Sikhs have bent over backwards not to say "Don't hit us, we are not Muslims," so as not to condone Muslim bashing. However, for the most part, the rest of the world has been quite content to have the Sikhs as their fall guys. Tracking hate crimes against Sikhs is just one small, but important piece, to recognize Sikhs' distinctive appearance.
Historically, Sikhs have been known as champions rather than a persecuted minority. There was an expression, "A Sikh has come, now we can sleep peacefully." The great philosopher and former President of India, S. Radhakrishnan, remarked, that modern India owes its existence to Guru Gobind Singh and the Sikhs. Not simply because they stopped the terrorist invasions and created a Kingdom at peace, but because the political extension of their teachings "recognize all people as one human race," under-girded a pluralistic, democratic order, in which people of all faiths and classes lived side by side. Guru Granth Sahib, revered as the Eternal Guru, opens with the numeral "1," so there can be no confusion that regardless of the myriad names we use and forms of prayer, it is the same One from which we all came, to whom we return, and the same Spirit which dwells within all Creation. Equally important is the call to serve all humanity -- "everyone is part of my community, I see no one as an outsider."
Ours is a Turban for Peace -- it stands for everyone's rights to pray publicly or in private (or not pray) without fear of persecution, it stands for the rights of the poor, the downtrodden, the elderly, and those who our modern world has marginalized, to feel part of community again.
It is ironic that Sikhs, as one of the most visible people of faith, are invisible to the majority of people.
While public education may be the solution, our education system bears a large share of the blame. Sikhism is the 5th largest religion in the world, yet our institutions still proudly proclaim the 5 major religions. Well-meaning interfaith and ecumenical groups often perpetuate a pantheon of symbols which exclude Sikhism. This funnels down to text books, which at best have Sikhs as a footnote.
When asked, the response is so often heard, "we can't include everyone." But "everyone" is not subject to continuous attacks because of the ignorance perpetuated by these scholars. I would like to hold every scholar and publisher culpable who excludes Sikhism from their curriculum and books.
I've spent my life educating children (and adults) about bullying -- and nurturing a culture in which we honor diversity by sharing each others' stories. We have a state law, as most do, about bullying -- and while schools are complying, what about the rest of us? What about the media?
Following 9-11, our temple, Gobind Sadan, USA, north of Syracuse was the first victim of an attack on a religious house of worship. Kids got drunk and mistook our turbans for followers of bin Laden and torched the place.

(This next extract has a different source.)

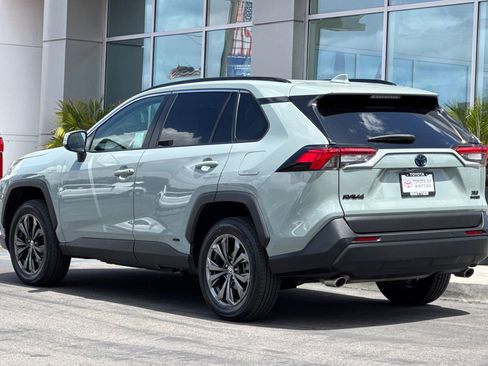 Certified 2022 Toyota RAV4 XLE Premium AWD/4WD image 8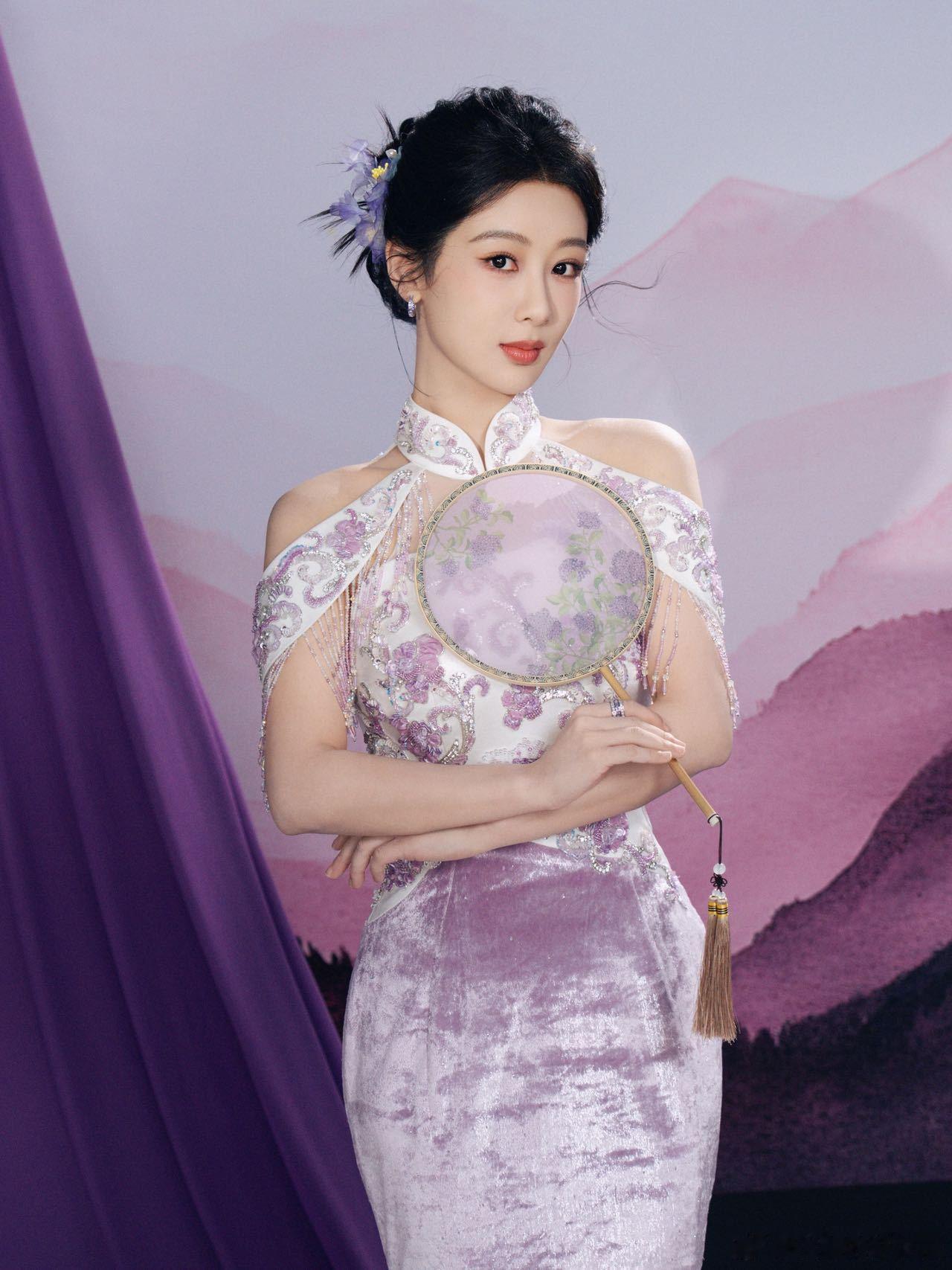 杨紫古装剧宣太夯了杨紫这身古装是偷了哪家绣庄的镇店之宝，美得我差点把奶茶喷屏幕上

We forgave them, with a powerful statement from Baba Virsa Singh ji channeled through me, and transformed their lives and changed much of the culture in our region from one of hatred to a possible peace. Today wherever I go, people still remember, "You are the ones who forgave those children, you are the ones whose Holy Book didn't burn."
One of the key points in deterring bullying is to understand there is no such thing as an "innocent bystander." Any student who witnesses a bullying incident and does nothing is subject to the new law. And the use of media (social or otherwise) to incite bullying is a crime.

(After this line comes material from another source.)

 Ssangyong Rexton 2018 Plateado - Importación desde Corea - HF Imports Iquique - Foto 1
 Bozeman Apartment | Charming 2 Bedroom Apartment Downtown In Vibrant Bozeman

We are all bystanders because we are too busy to stop what we're doing to say, "I've had enough."
As a people and a country we are at a critical crossroads. If we are to survive and flourish we must overcome this climate of fear and the hatred it spawns.
While we are focused on common core and dignity in schools, let us not forget that the media is the textbook for the masses -- and if we don't focus on blunting messages of hatred we will continue to tear our country apart.